The music of Tom Waits was coming from El Floridita, on the corner of Fountain and Vine, and the sign on the restroom door said, “Out of Order.” She went in, anyway. Mirrors are never out of order.

She looked at herself, dissatisfied. She wasn’t a little girl anymore. It was time to stop acting like one. She unbuttoned the top of her blouse a little. She let her hair down from the bun atop her head. She opened her purse to search for makeup.

There she found her car key, with the little monkey attached to it. Zooey had won it when she was five. Her mother had let her have a quarter to play one of those grocery store games with toys and a forklift. She had retrieved the monkey on her first attempt. She had, over the last twenty years, confided her every childish secret to the stuffed animal. She had others. They were larger. They were more cuddly. But they weren’t George. George was Special. And now, she thought, unnecessary. She would be finding more exciting treasures soon, retrieving them from where they had lain buried for millennia.

She fixed her makeup, she fluffed her hair, and, with George in her right hand, she left the restroom to invite the man she had just met to walk her home.

***

Jim, looking down, walked into El Floridita. It was here he had met Zooey two years ago. She had just graduated from UCLA, and she was already being recruited for archaeological studies in Egypt, and he had just been tapped to be in charge of the new King Tut exhibit at The California Science Center. They fell in love over talk of embalming corpses in the distant past. And it hadn’t been long before they decided to pursue their futures together.

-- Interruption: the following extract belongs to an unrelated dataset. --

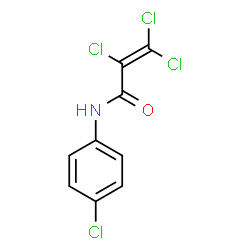 2,3,3-Trichloro-N-(4-chlorophenyl)acrylamide picture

This was the first time he’d been back to El Floridita since he’d left her three weeks ago. The place seemed somehow emptier than it had ever been before, even though there was a large crowd, some of whom were complaining about the restroom being out of order. A plumber, they were assured, was on the way.

He wondered if she ever came back here. It had been, after all, “their place.” He felt almost as though he were cheating on her walking in here without her. But her number had been deleted from his phone, and his from hers, and they had gone their separate ways. She wanted to explore The Pyramid of Djoser, and he wanted to start a family on his curator’s salary. They couldn’t do both. They both had to move on… alone. And he couldn’t stay here another minute without her.

He left as he came in, wondering if she was happy in her life, then looked up to see the sun shine. He walked down the sidewalk, grass popping up between the bricks, and he never saw the car key and the stuffed monkey lying there looking helpless.